**Stored data:**
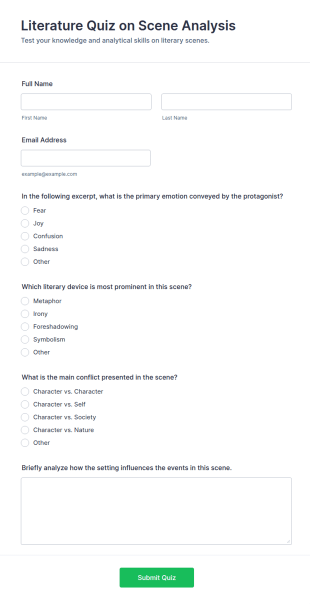 Literature Quiz On Scene Analysis Form Template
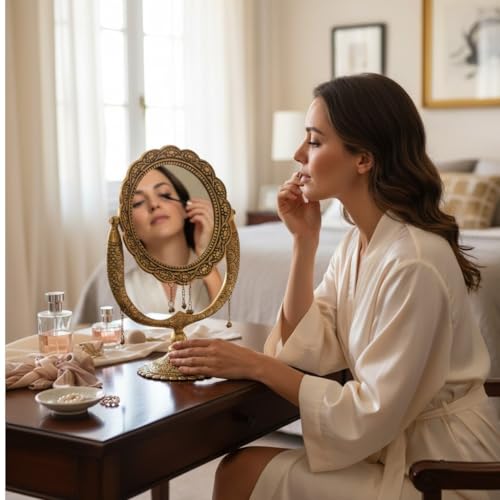 Image of KridayKraft Gold Plated Beautifully Carved Table Mirror for Makeup Metal Salon Mirror Antique Decorative Table Mirror for Decoration & Gifting Purpose, Round, Tabletop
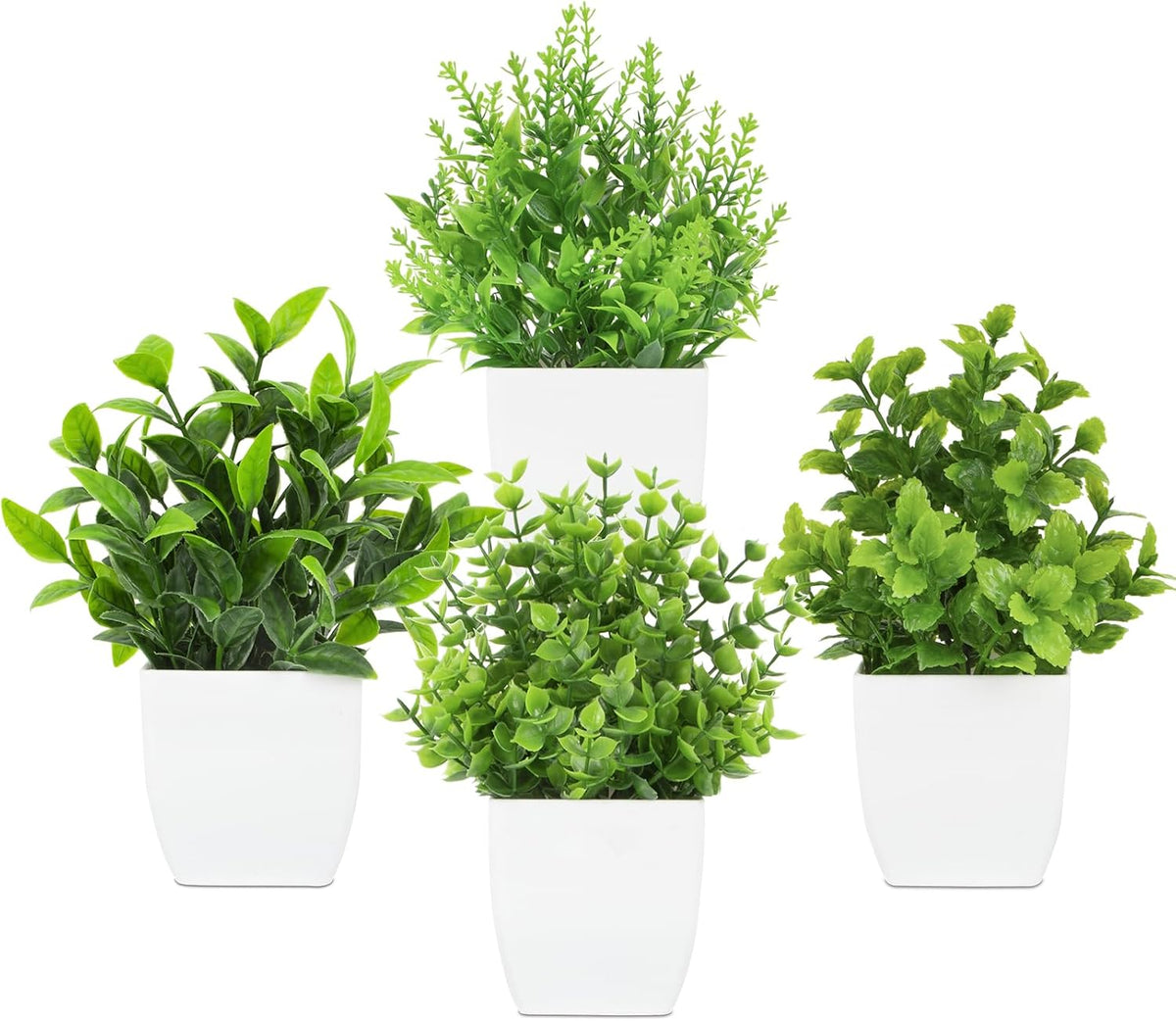 4 Pack Small Fake Plants Mini Artificial Plants for Desk Bathroom Decor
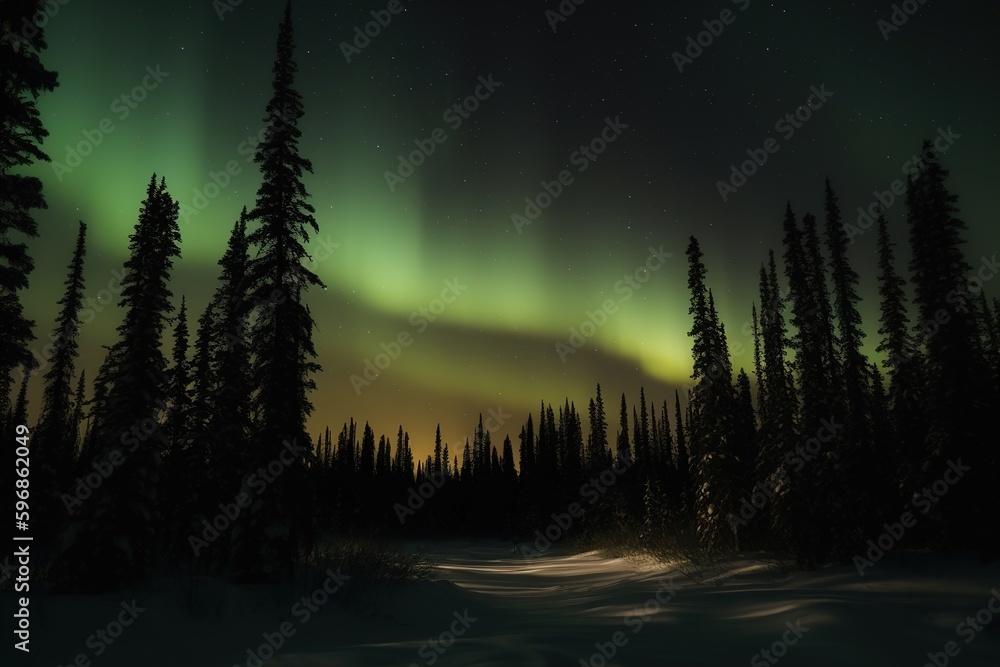 northern lights in the forest northern lights in the forest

**What the task requires:** Please repeat the listing above word for word, with the pictures removed.

**Task result:**
 Literature Quiz On Scene Analysis Form Template
 Image of KridayKraft Gold Plated Beautifully Carved Table Mirror for Makeup Metal Salon Mirror Antique Decorative Table Mirror for Decoration & Gifting Purpose, Round, Tabletop
 4 Pack Small Fake Plants Mini Artificial Plants for Desk Bathroom Decor
 northern lights in the forest northern lights in the forest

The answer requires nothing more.